Second thought: One thing that this article ommitted was the step that preceeded the advent of the worship leader. First came the guitarist leading scripture-based songs in small group meetings, youth meetings, and coffee houses. This grew out of the Jesus Movement of the early 1970s. That's where I got started as a worship leader. At age 17 I started leading songs in a coffee house ministry in Sanford called "The Mustard Seed". I believe these guitar led scripture based songs became included in some traditional services and were so well received that the worship leader and worship band naturally took a more dominant place in lots of churches. This was complemented and encouraged by the Contemporary Christian Music industry which grew like crazy through the 80s and 90s.


Final thought: I keep feeling like the future of church music is a returning to something simpler. I keep thinking that the house church movement will grow - perhaps out of neccessity, perhaps as a reaction to the mega-churches and the worship music industry. I think of 2 Corinthians 11:3 - "But I am afraid that... your minds will be led astray from the simplicity and purity of devotion to Christ". I love leading music with a band, singers, and big amplifiers - but in my spirit I long for something gentle and strong like a living room full of people singing deeply intimate songs to the Lord, breaking bread together, praying for each other, then singing some more. Let me quote John Lennon here: "You may say I'm a dreamer, but I'm not the only one."

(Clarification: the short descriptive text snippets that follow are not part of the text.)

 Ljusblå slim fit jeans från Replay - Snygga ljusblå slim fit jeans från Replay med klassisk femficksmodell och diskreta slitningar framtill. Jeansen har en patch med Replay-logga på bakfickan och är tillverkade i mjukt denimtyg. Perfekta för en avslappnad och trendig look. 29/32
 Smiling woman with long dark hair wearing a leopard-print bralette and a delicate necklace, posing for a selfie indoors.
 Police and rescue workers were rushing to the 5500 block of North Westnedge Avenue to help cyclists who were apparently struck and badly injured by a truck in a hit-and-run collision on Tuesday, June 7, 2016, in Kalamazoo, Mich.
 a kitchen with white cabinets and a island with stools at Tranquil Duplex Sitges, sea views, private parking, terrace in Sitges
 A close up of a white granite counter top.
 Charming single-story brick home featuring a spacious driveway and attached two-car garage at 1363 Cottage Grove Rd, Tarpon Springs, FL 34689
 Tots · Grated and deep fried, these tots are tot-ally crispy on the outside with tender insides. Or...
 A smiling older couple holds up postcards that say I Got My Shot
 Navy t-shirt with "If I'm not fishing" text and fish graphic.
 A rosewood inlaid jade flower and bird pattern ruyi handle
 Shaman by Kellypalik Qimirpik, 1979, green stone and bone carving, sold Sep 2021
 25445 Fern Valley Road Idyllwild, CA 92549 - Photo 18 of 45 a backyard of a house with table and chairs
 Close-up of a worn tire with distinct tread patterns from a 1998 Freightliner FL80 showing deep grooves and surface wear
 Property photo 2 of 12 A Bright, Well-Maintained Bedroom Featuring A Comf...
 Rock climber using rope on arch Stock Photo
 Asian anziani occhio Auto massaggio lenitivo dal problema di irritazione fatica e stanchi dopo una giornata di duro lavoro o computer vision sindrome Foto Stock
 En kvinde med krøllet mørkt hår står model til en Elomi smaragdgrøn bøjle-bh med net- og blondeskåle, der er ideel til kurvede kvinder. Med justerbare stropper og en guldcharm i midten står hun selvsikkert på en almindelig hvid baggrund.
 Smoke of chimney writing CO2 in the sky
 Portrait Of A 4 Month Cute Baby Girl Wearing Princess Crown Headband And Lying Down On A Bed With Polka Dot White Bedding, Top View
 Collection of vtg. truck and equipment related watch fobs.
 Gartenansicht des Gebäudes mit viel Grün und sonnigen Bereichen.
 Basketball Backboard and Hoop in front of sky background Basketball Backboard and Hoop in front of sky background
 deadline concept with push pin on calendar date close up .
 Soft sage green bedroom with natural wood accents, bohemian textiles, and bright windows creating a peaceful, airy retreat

Whether your fellowship has the "arm-waving song leader", the huge worship band, the dulcimer player in the den, or whatever else, let's worship the Lord with all our hearts. He is worthy of all this and much more.

1 comment:

Real Life Sarah said...

Chip I love reading your thoughts on this subject. Whenever you led worship, I always felt like I was in that small gathering of worshippers. I remember those times in college, with 50 students crammed in an apartment singing our hearts out to three guitars. Yeah, I totally get what you're saying.